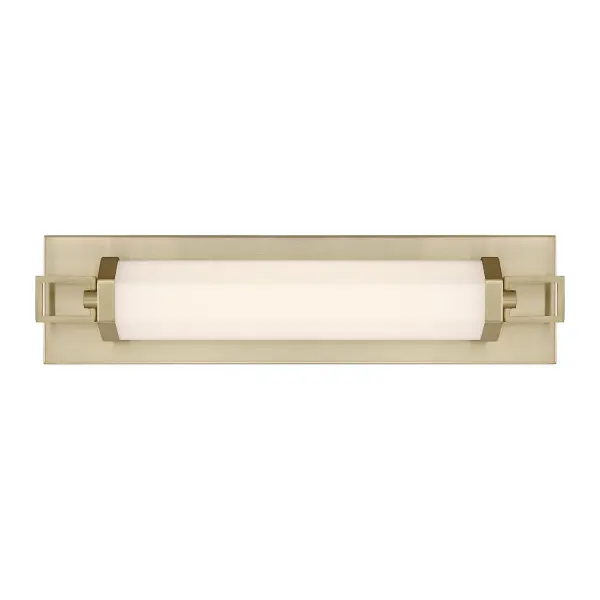 The Parker vanity light delivers sophisticated illumination with its hexagonal opal glass shade and warm Noble Brass finish. Integrated LED technology provides energy-efficient, even lighting perfect for bathroom tasks.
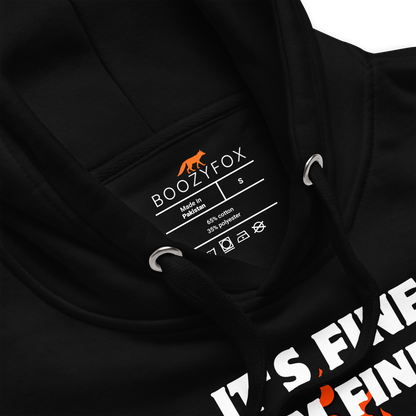 Product details of a Funny Dumpster Fire Raccoon premium graphic hoodie in black by Boozy Fox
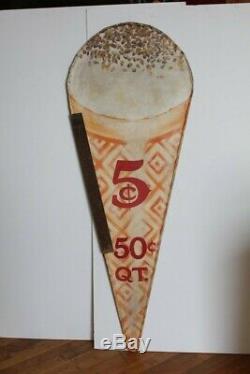 Antique Vintage c. 1900 Double Sided 5 Cents Ice Cream Advertising Tin Sign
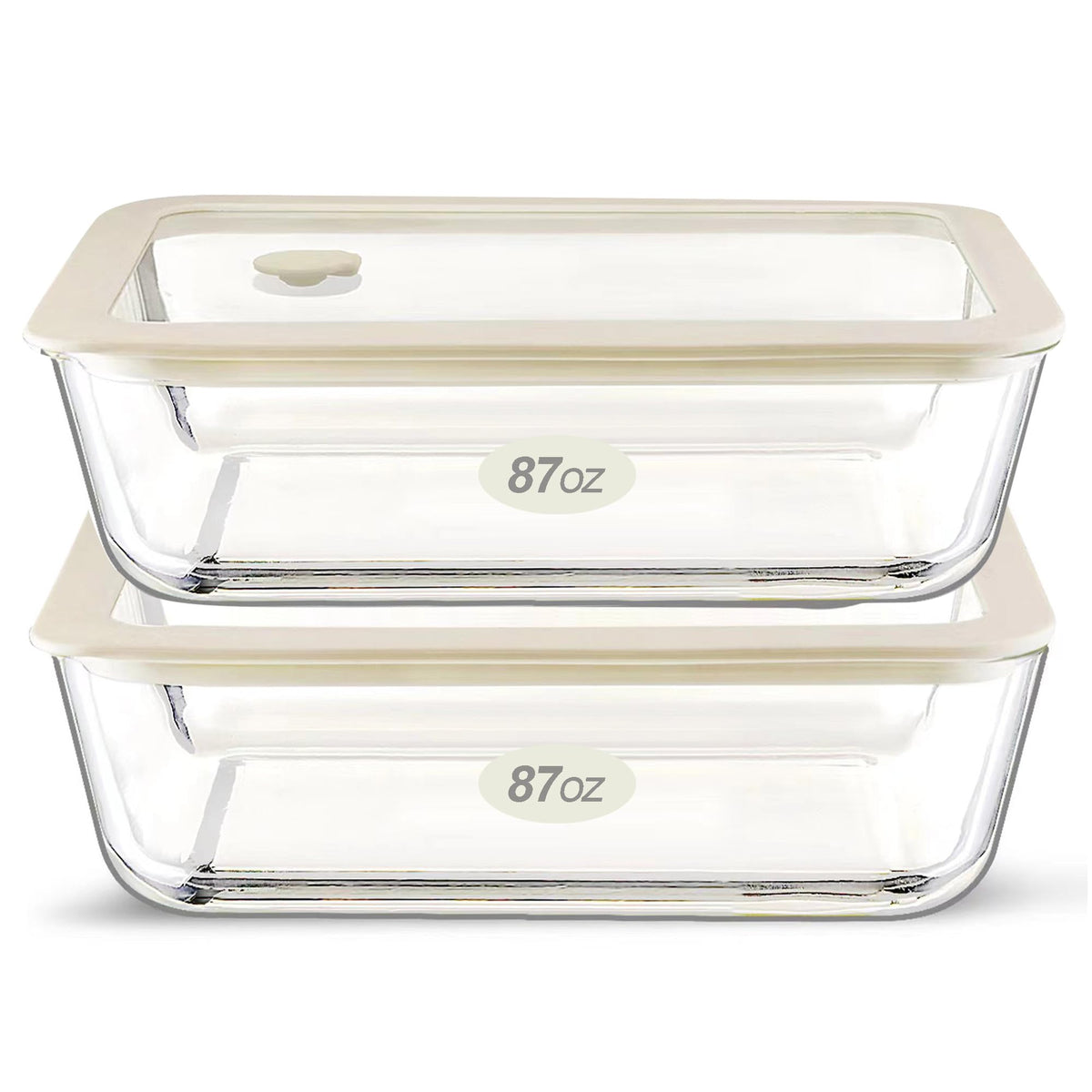 Urban Green rectangle 87oz glass container with silicone frame lid for meal prep and freshness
==============================
● **TASK PROMPT**: What the task needs is the material above repeated exactly, pictures excepted.

● **WRITTEN REPLY**:
 The Parker vanity light delivers sophisticated illumination with its hexagonal opal glass shade and warm Noble Brass finish. Integrated LED technology provides energy-efficient, even lighting perfect for bathroom tasks.
 Product details of a Funny Dumpster Fire Raccoon premium graphic hoodie in black by Boozy Fox
 Antique Vintage c. 1900 Double Sided 5 Cents Ice Cream Advertising Tin Sign
 Urban Green rectangle 87oz glass container with silicone frame lid for meal prep and freshness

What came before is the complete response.